Pero esto es Italia por lo que no desesperemos: el sentido del humor es omnipresente y las penas con sonrisas son menos penas. Los policías son tan chapuceros como encantadores. Uno come mucho y con ganas; otro fuma constantemente; otro se entretiene sacándole el teléfono a una camarera con la que intenta ligar; otro deja la vigilancia “un ratito”, suficiente para que se escape el que vigilaba… Una diversión constante que suaviza lo crudo del asunto o la violencia del crimen que, cuando aparece, parece anunciar el posterior giallo italiano y su sangre explícita.

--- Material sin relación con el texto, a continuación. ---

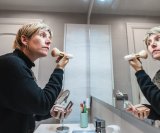 Američka Agencija za hranu i lijekove (FDA) povukla je prijedlog prema kojem bi proizvođači kozmetike morali testirati proizvode s talkom na prisutnost azbesta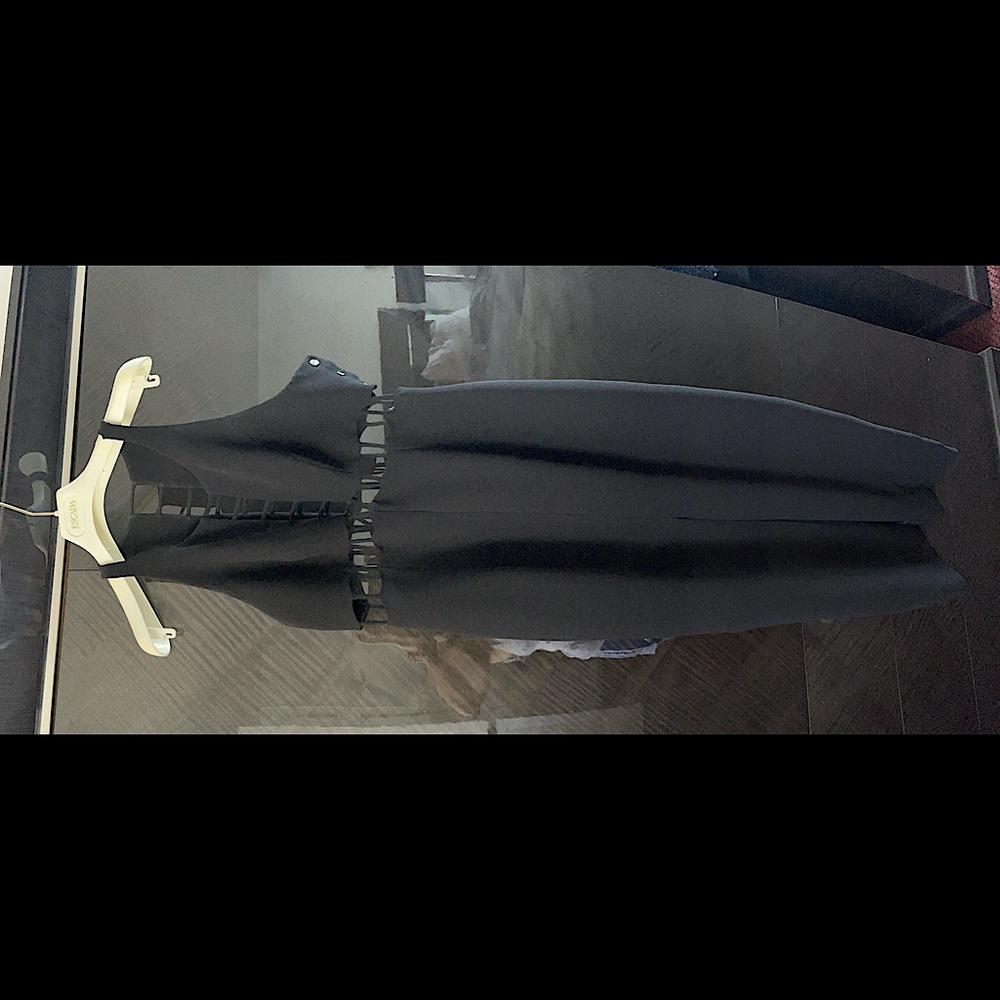 Cachè  Cut Out Open back dress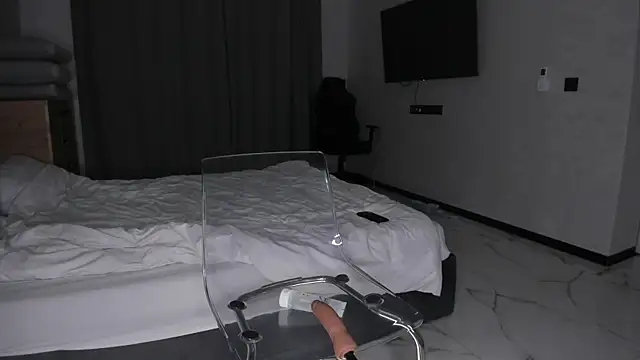 Snapshot of Devil_Minds chatting on November 2025 04:12:01 AM Devil Minds online show from November 2025 04:12:01 AM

Sin embargo, creo que el personaje que pudo enamorar a Arturo Pérez Reverte es el del inspector Dottore Ingravallo, interpretado por el propio Pietro Germi. Ingravallo es un profesional que se cansa de decir a la gente que no le llamen dottore porque no lo es. Siempre con gafas de sol y su sobrio bigote, consigue solucionar los casos con trabajo de calle y con astucia (el número del cuentakilómetros, la llave nueva y la llave vieja). Pero es su humanidad y su aire de derrota la que cautiva al espectador. Ya hemos dicho que llama a una Paola a la que nunca veremos, tal vez porque ya le ha dejado. Además, adopta una tierna actitud casi paternal cuando el novio de la criada le da su coartada (estuvo con otra mujer… por dinero) y aconseja a la joven que le deje, que no le conviene ese tipo. Más aún, cuando finalmente llega la detención, Ingravallo parece pedir perdón, como que no quisiera detenerlo y arruinar tantas vidas por un crimen absurdo e improvisado, pero así es el mundo. El detalle final de volver a ponerse sus gafas de sol no es el de la chulería americana, sino el ingenuo detalle humano de tratar de escondernos tras un telón para no ver la realidad… y, evidentemente, fracasar en el intento.

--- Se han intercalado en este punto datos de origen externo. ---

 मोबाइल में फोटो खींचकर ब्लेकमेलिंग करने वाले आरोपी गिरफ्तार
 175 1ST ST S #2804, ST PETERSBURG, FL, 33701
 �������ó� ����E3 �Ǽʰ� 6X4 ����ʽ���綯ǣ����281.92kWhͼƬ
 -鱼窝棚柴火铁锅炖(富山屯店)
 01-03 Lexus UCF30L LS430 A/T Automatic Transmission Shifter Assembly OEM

No hemos comentado todavía que la criada enamorada del electricista es nada menos que Claudia Cardinale con veinte añitos y que ya era tan magnética que cuando se descarta rápidamente como sospechosa del primer crimen y desaparece, de alguna manera todos sabemos que volverá a aparecer porque la película no respiraría (o suspiraría) sin ella. Igual que nosotros.

Y podemos destacar también la canción Sinnò me moro, que interpreta Alida Chelli y que baña la película de desamor, melancolía, derrota y viejos tiempos. Añadamos la lluvia, las gabardinas, los sombreros, los ruidosos teléfonos o la tristeza infinita del personaje de la asesinada, que daría para un melodrama, y tendremos un perfecto ejemplo de película negra policiaca con tintes neorrealistas a la italiana y humor genovés. Con perdón por la expresión macarrónica: bocato di cardinale. Nunca mejor dicho.